We are now rolling along into the wonderful new year of 2015, but over the past few weeks, I've taken many a moment to reflect - from the standpoint of an author - on what happened to me over the previous 12 months.  Needless to say, I had highs and lows; there were things I [like to think I] did well and things I did poorly.  Hopefully, the next twelve months will see me doing many more of the former and far less of the latter, but for now it's helpful for me to put them on the scales and see how they balance.

Things Done Right
1)  I think the main thing I did right is that I continued to write and publish.  You'll hear all the time about how most people who want to write a book will never start; most who start writing a book will never finish; most who finish a book will never publish...and so on. Thus, I'm happy that I kept advancing the ball in that regard.  

2)  I sold more books (and, by extension, made more money) than I did in 2013.  Of course, in 2013, I was just getting started and didn't have my fiction out there until around May of that year.  Still, although it's not truly an apples-to-apples comparison, I can't help but view this as a step in the right direction.  (To be honest, though, I don't know how accurate it is to claim stats like book sales as something I "did," unless you look at it from a marketing/promotion point of view).

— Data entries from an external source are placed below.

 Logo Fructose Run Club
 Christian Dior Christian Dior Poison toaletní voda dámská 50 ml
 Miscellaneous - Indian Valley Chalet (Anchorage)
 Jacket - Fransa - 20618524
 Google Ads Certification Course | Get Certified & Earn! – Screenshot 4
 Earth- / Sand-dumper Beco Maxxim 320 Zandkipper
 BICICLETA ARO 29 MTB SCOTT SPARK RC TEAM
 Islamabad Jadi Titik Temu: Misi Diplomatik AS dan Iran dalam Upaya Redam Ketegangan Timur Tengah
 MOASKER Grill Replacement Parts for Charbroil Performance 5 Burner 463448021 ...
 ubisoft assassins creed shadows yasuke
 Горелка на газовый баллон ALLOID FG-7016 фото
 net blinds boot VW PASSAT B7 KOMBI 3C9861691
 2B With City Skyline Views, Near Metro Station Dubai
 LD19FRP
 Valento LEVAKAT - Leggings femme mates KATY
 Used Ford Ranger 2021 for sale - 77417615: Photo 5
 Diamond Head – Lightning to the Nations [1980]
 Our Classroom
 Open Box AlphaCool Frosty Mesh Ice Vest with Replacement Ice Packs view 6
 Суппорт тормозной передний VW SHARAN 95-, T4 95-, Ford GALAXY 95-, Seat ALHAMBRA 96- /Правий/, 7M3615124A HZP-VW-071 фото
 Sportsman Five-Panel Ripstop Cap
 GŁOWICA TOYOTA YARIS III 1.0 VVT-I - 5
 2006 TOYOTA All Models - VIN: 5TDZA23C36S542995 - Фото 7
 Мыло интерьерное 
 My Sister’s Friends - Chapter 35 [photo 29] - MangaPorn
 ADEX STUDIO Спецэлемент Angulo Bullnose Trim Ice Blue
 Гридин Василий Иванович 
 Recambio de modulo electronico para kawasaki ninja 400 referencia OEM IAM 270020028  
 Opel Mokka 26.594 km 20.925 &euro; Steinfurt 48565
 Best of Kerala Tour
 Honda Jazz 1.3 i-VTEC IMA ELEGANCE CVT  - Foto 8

3)  I came up with lots of new ideas for books (many of which I actually started writing).  I even published the first novel, Terminus, in a new series.  I feel blessed that it has been well-received by readers and I look forward to getting the next book in the series published.

Things Done Poorly
1)  The first thing on this list is an easy one to pinpoint: I only published two books in 2014.  Two!  I actually posted very recently about how our ability to write and publish quickly is a major strength for indies, so this is completely at odds with my personal philosophy.  However, it is something that I definitely intend to remedy.

2)  The two books that I finished in 2014 were published roughly seven months apart.  Frankly speaking, that's simply too large of a break between books for an indie author. Unless you are selling massively (as opposed to modestly, like myself), it's just too easy for readers to forget about you, even if they are huge fans. That's why my preference is to publish books no more than four months apart, although publishing a new one every 2-3 months would be far better.  (If you need proof of how important it is to publish regularly, you need look no further than my sales.  Before I published Terminus in November, my monthly sales were the lowest they had been since I began in 2013.)

3)  I didn't publish a novel in my most popular series, Kid Sensation, which can almost be considered heresy.  I had sincerely hoped to have the next book done back in November, but I had some other things come up that left me with little time to write, if I'm being honest.  Still,  a successful series is a rarity, so continuing to expand on that achievement is imperative.

Of course, there were lots of other things that can be lumped into the category of right or wrong for the year, but these are probably the primary contributors to any successes or shortcomings I experienced.  Naturally, I intend to continue embracing the positive practices while eliminating the negative.  With a little luck, the 2015 "right" list will be far longer than the "wrong" one.